▸ Aim of the task
Give the data below again exactly as written, but without the pictures.

▸ Extracted entries
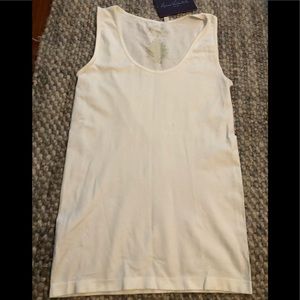 Gloria Vanderbilt tagless tank top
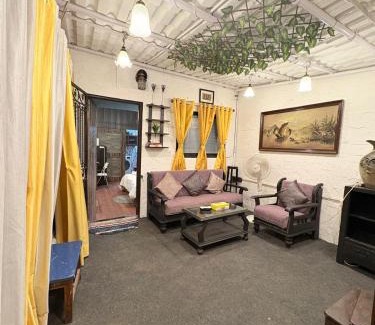 Pali Hill Apartamento | Independent Garden Cottage-Bandra-Carter road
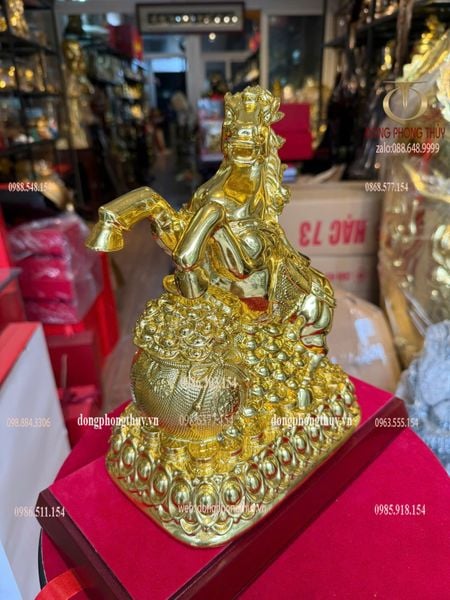 Tượng ngựa bằng đồng dát vàng nano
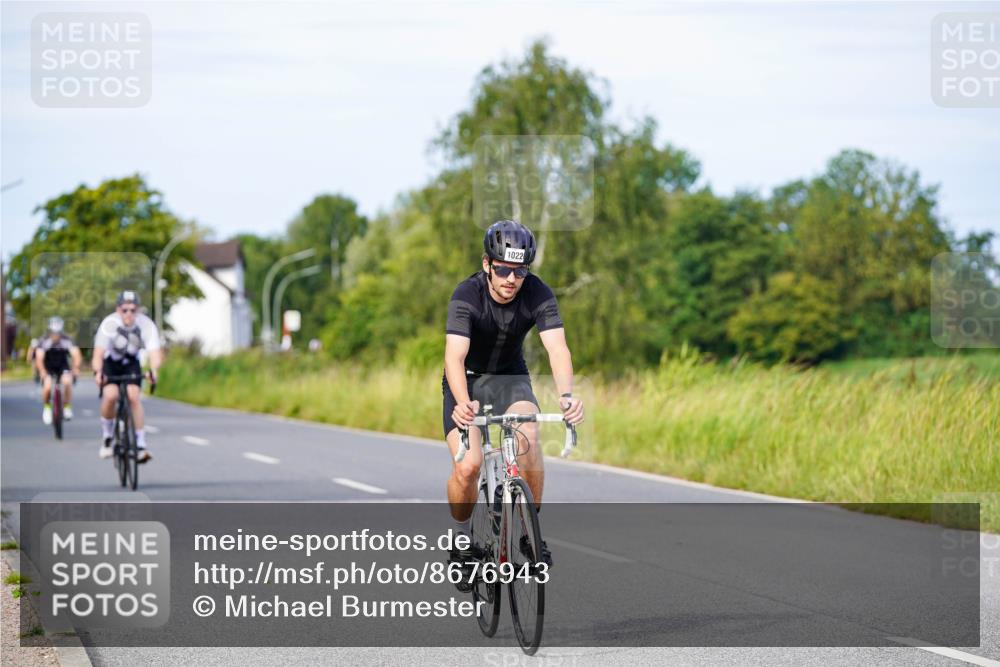 31.08.2025 - Elbe Triathlon Hamburg Michael Burmester http://msf.ph/oto/8676943 31.08.2025 10:26:11 Radfahren 699, 1022, 1035 meine-sportfotos.de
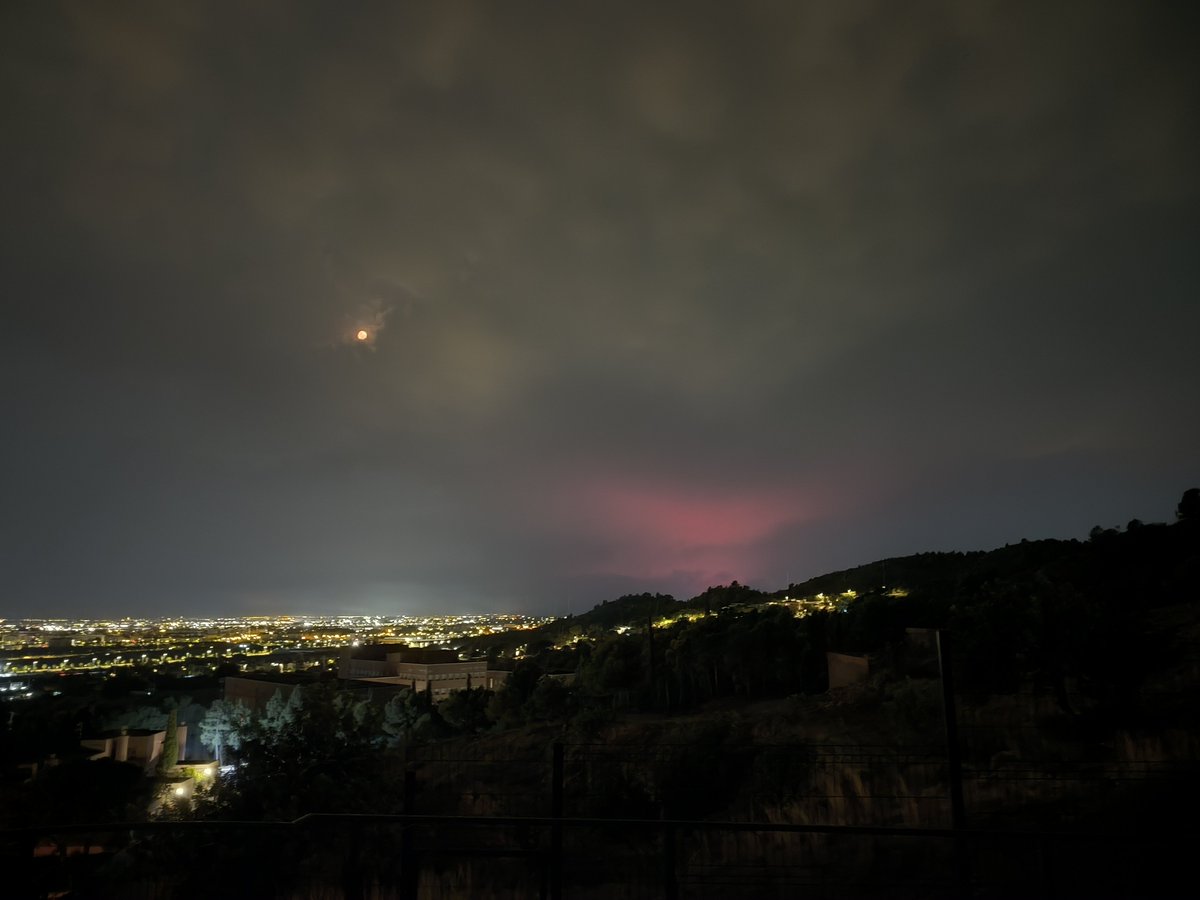 Evayla4's tweet photo. A les 0:30h des de la Penyeta Roja (Castelló de la Plana)
@apuntoratge https://t.co/gvT66w9cLg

▸ Problem solution
 Gloria Vanderbilt tagless tank top
 Pali Hill Apartamento | Independent Garden Cottage-Bandra-Carter road
 Tượng ngựa bằng đồng dát vàng nano
 31.08.2025 - Elbe Triathlon Hamburg Michael Burmester http://msf.ph/oto/8676943 31.08.2025 10:26:11 Radfahren 699, 1022, 1035 meine-sportfotos.de
 Evayla4's tweet photo. A les 0:30h des de la Penyeta Roja (Castelló de la Plana)
@apuntoratge https://t.co/gvT66w9cLg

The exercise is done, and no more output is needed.